The Dark Shadows Daybook: NOVEMBER 30


By PATRICK McCRAY

Taped on this date in 1970: Episode 1165

Daphne finds a letter from Joanna as a hooded specter appears intermittently. Samantha accuses Daphne of bringing Joanna’s ghost with her. Tad implores his mother to testify on Quentin’s behalf, but she demurs and later tells Desmond that she wants Tad away from the evil influence of Quentin on one side and Gerard on the other. Desmond admonishes her that Quentin is benevolent, unlike Gerard. The witchcraft trial begins… but it almost doesn’t. The prosecutor quits the case rather than indulge in something so medieval. No matter, Charles Dawson takes up the post for the state. He calls Samantha to the stand, who accuses Quentin of summoning Joanna’s ghost.

We mark one thing today. Yes, I’m certain that Vital World Events were going on that day, and very proud we are of all of them. But those potatoes can be savored only with the aid of an electron microscope compared to today’s event in DARK SHADOWS-dom. On this day, 46 years ago, David Henesy filmed his 276th and final episode. He was only fourteen years old by then yet was soon for artistic retirement after logging nearly one hundred hours before the cameras over three and a half years.

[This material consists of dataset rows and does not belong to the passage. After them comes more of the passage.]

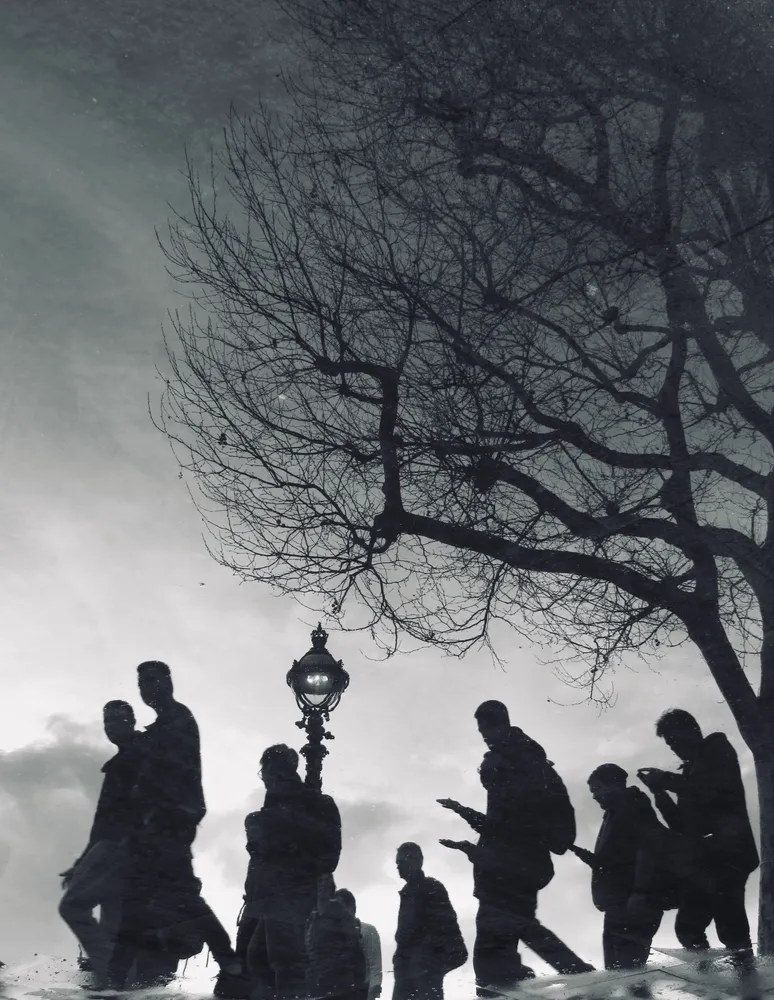 Street silhouettes reflected on Southbank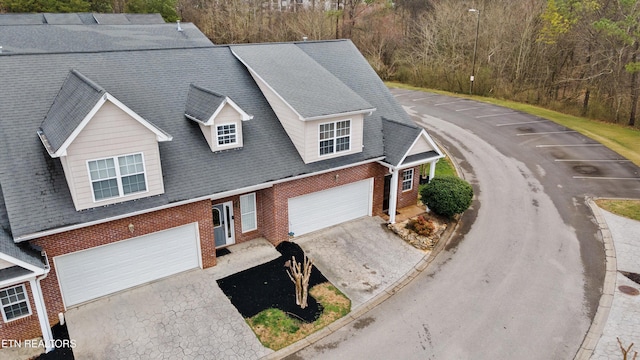 view of front of home featuring a garage, driveway, a shingled roof, and brick siding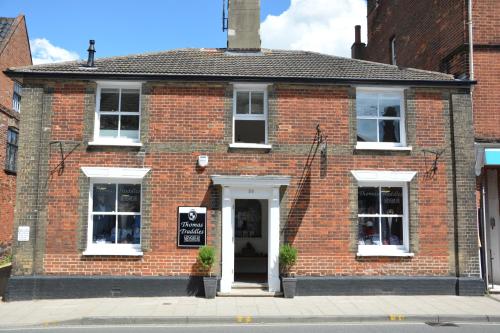 a red brick building with a sign on the door at Southwold Arms Apartment in Southwold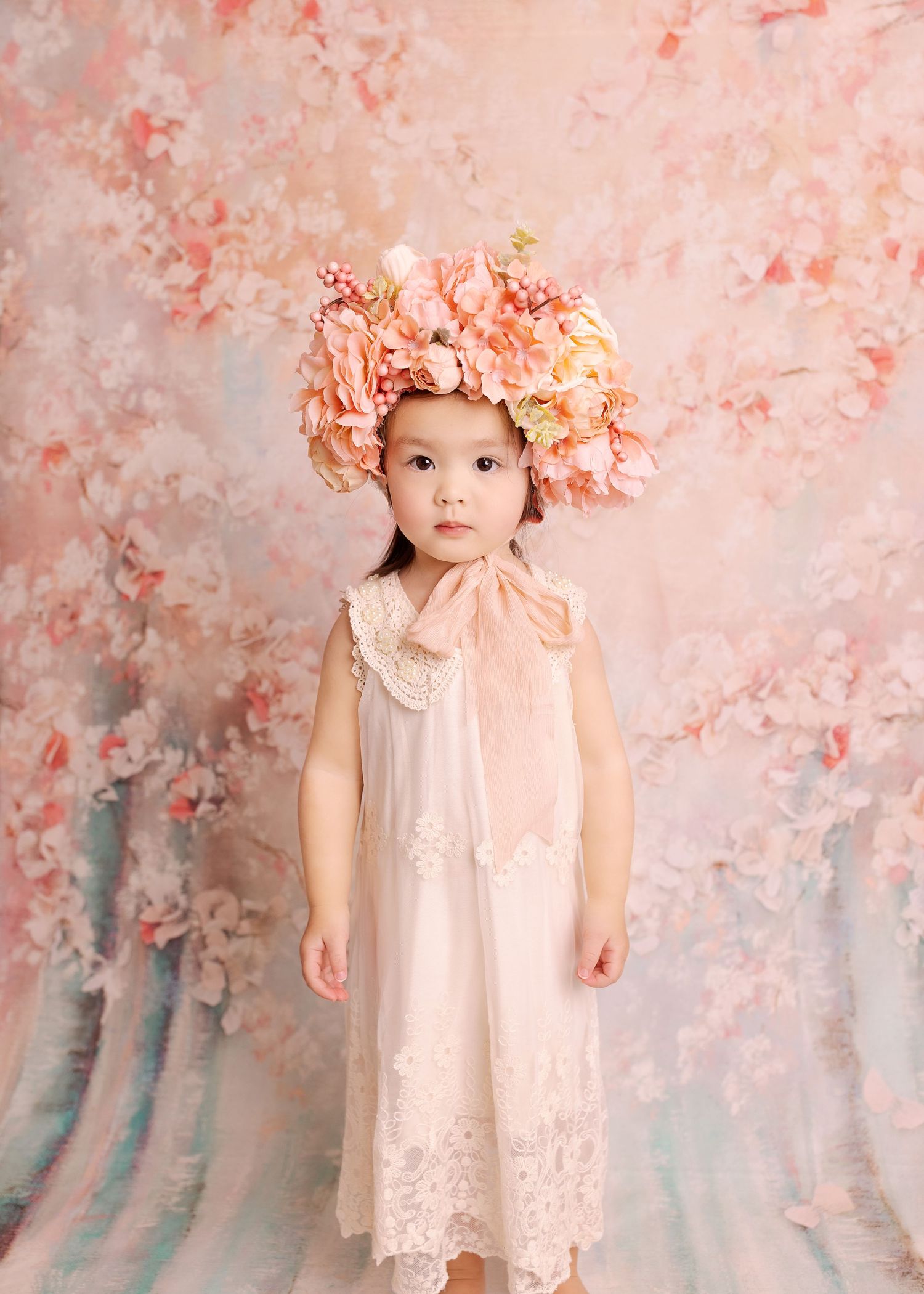 Child wearing lace dress and pink floral crown against soft pink backdrop.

Despite his youth, it could be argued that he was one of the best elements of the show. So much of acting begins with showing up, knowing your lines, hitting your marks, and not bumping into the furniture. Not the highest bar, but with 22 minutes to do it, every day, every week, for years and years? Falling short of those is a forgivable sin under such circumstances. Henesy rarely fell short. So often, in fact, he met the challenge with a gusto that eluded a number of his adult costars. But beyond such workmanlike competence, his creativity as an actor had a deviousness whose freshness never expired. Regarding the material with which he was supplied, David Collins was most interesting in the first year. Later, David’s misanthropy just became typical adolescence, but the absolute glee he took in the first two hundred episodes of the show is one of the show’s most endearingly perverse indulgences. He is everything wrong, and you just gotta love him. Then he turns around and connects with Mitchell Ryan like glue with utter sincerity. And his scenes always work. Time and again during my projects, guests have watched a Henesy scene and declared, “He nailed it again!”

Then, he begins his transition out of the business. I say that with no happiness because I marvel at what he could have brought to adult parts. But I have more sympathy than regret. After all of those episodes of DARK SHADOWS, what was left? No wonder he retired. Say what you will about David Henesy, he had more than his hour in the limelight, and he made the most of it. And to watch him grow up, sadly leaving him as a proto-adult desperately failing in his attempts to be manly? Well, it gives most of us DARK SHADOWS fans yet something else with which we may identify.

On this day in 1970, George “The One Who Was an Authentic Genius” Harrison released his triple album, “All Things Must Pass.” I’m sure the irony was not lost on David Henesy.